(Stored data)
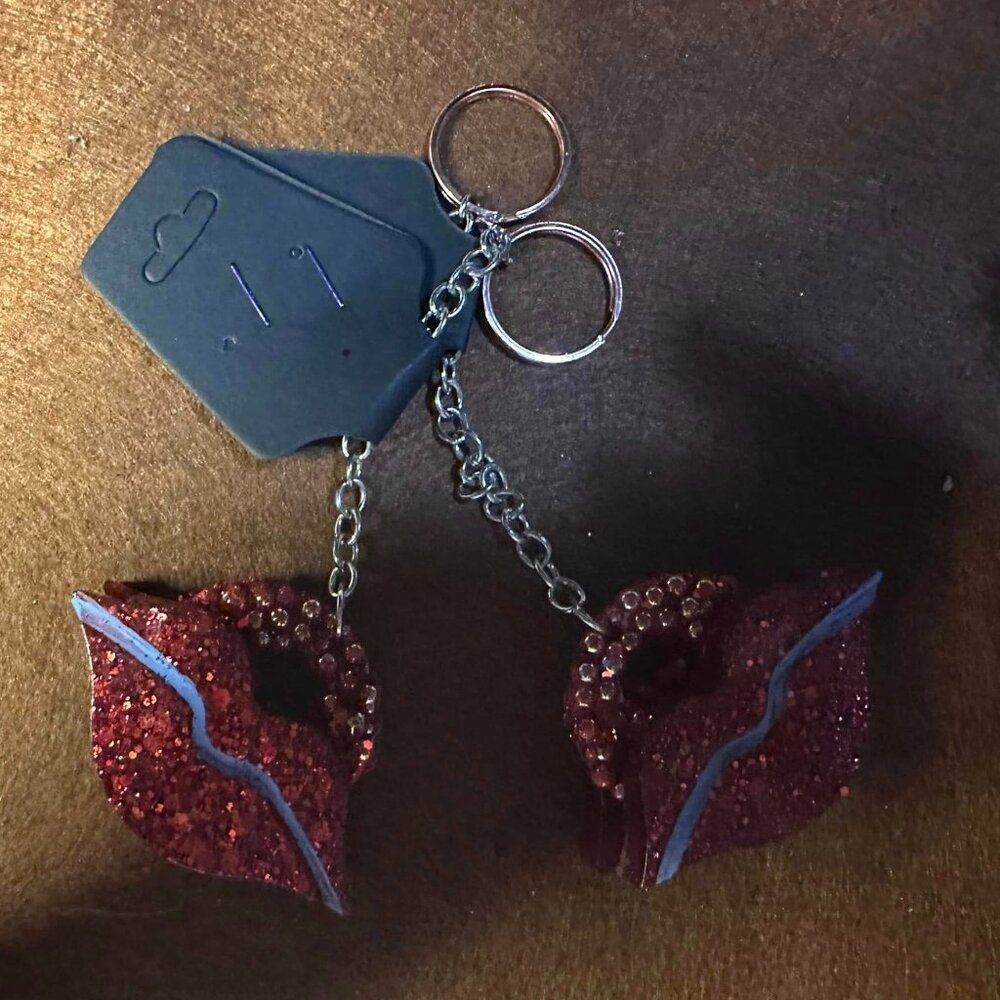 Lip Purse Keychains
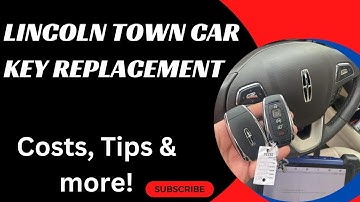 Lincoln Town Car Key Replacement - How to Get a New Key. (Costs, Tips, Types of Keys & More.)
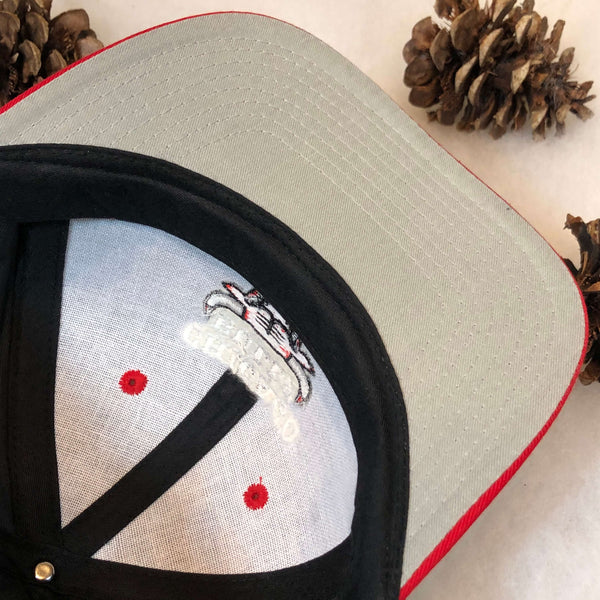 Vintage Deadstock NWT NBA Chicago Bulls Logo 7 Twill Snapback Hat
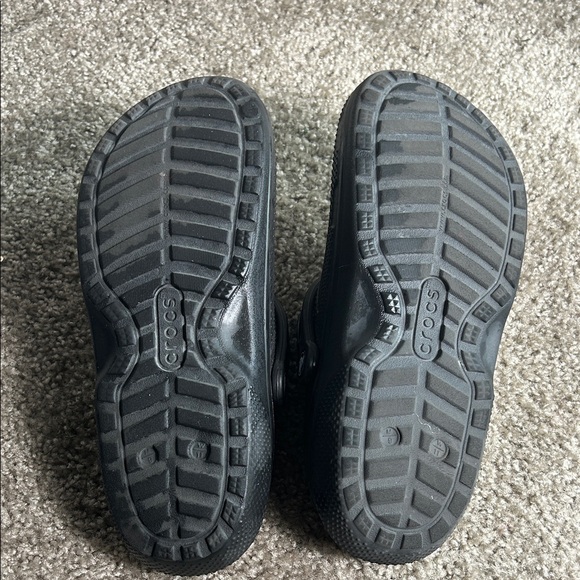 Women Black Crocs - Picture 11 of 11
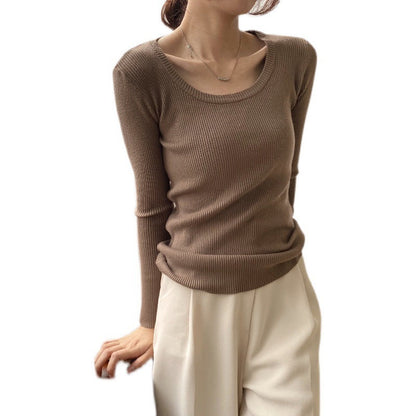 Damen Langarm-Shirt Eveloria Baumwolle Weiß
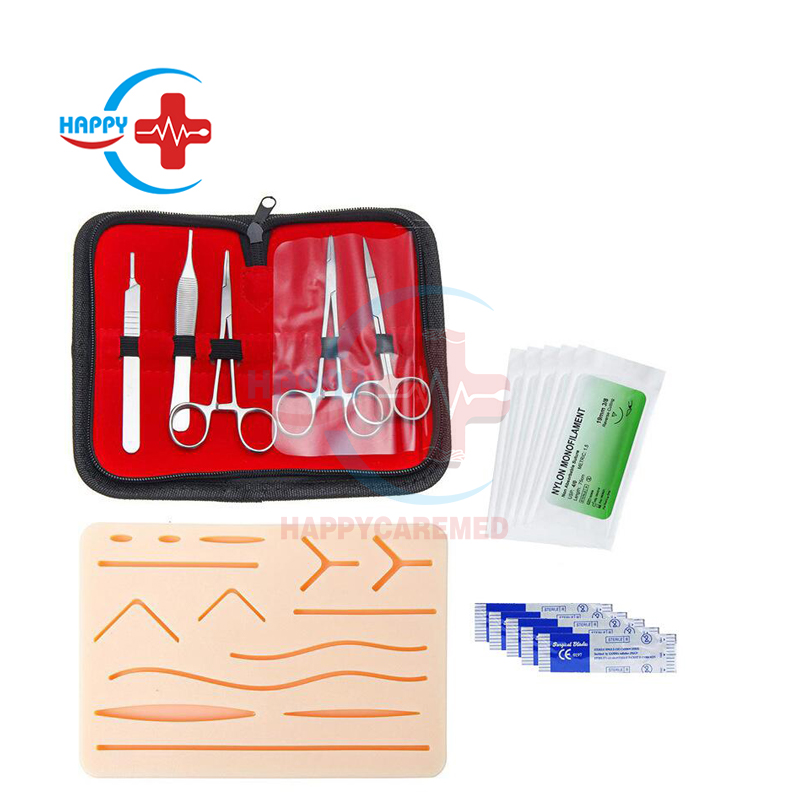 HC-T030A портативный 5 шт. набор кухонных инструментов швейных машин швейные иглы набор упражнений практика наложения швов комплект для студент-медик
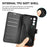 Wallet Design Litchi Texture Leather Phone Case Folio Flip Cover with Stand for Samsung Galaxy S21 FE - Black - 6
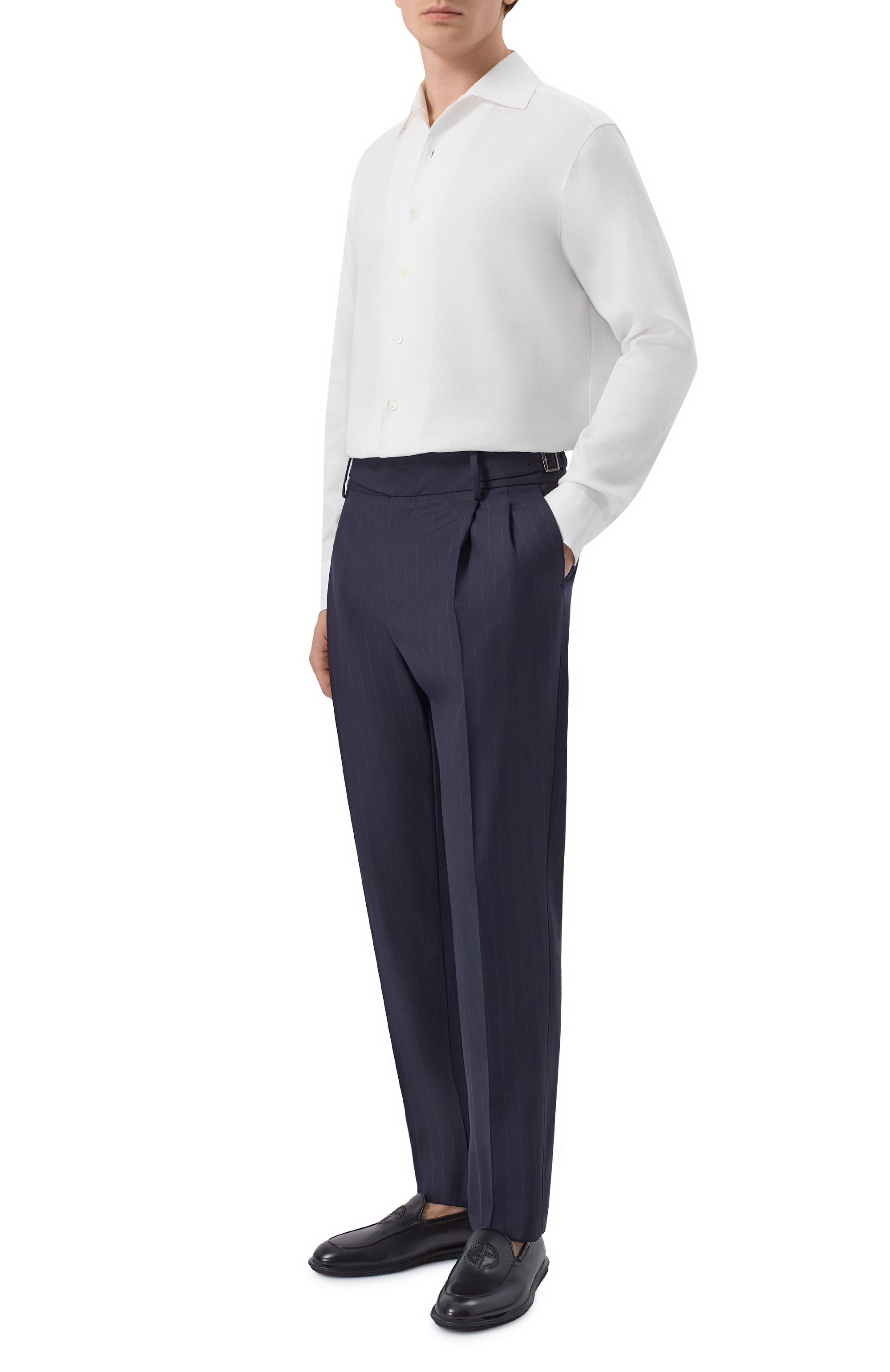 Шерстяные брюки DOLCE & GABBANA, арт. GP19ZT/FR227, фото 2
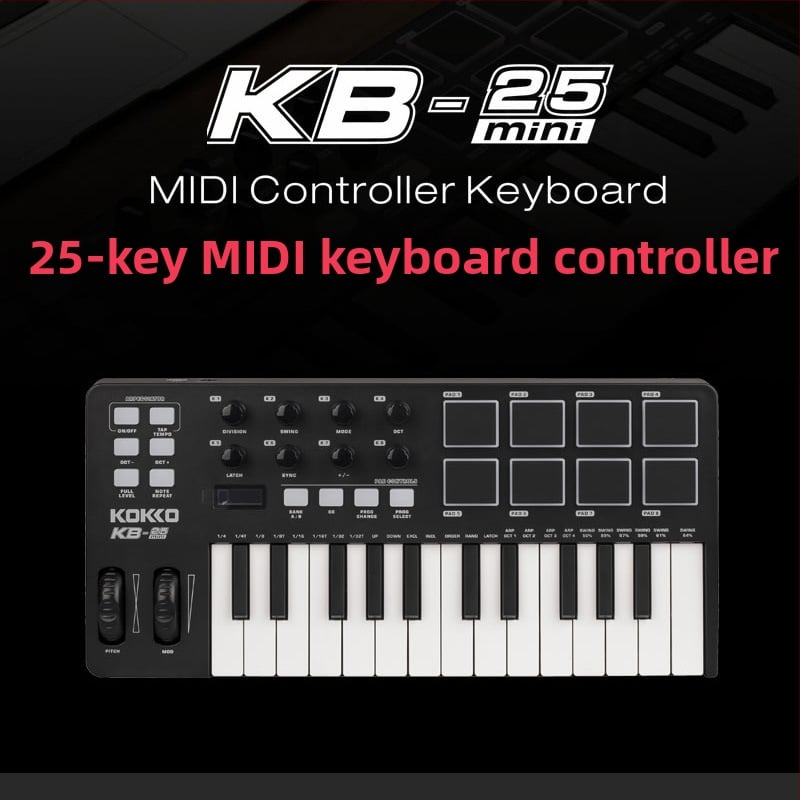 KOKKO KB-25 MIDI tipkovnica – profesionalni model, plastično kućište, pojedinačno pakirano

◆ **Exercise requirements**
This exercise asks for an exact copy of the lines from the first one in the data through the line that contains "Damen Langarm-Shirt Eveloria Baumwolle Weiß", pictures excluded.

◆ **Answer to this task**
 Lip Purse Keychains
 Lincoln Town Car Key Replacement - How to Get a New Key. (Costs, Tips, Types of Keys & More.)
 Vintage Deadstock NWT NBA Chicago Bulls Logo 7 Twill Snapback Hat
 Women Black Crocs - Picture 11 of 11
 Damen Langarm-Shirt Eveloria Baumwolle Weiß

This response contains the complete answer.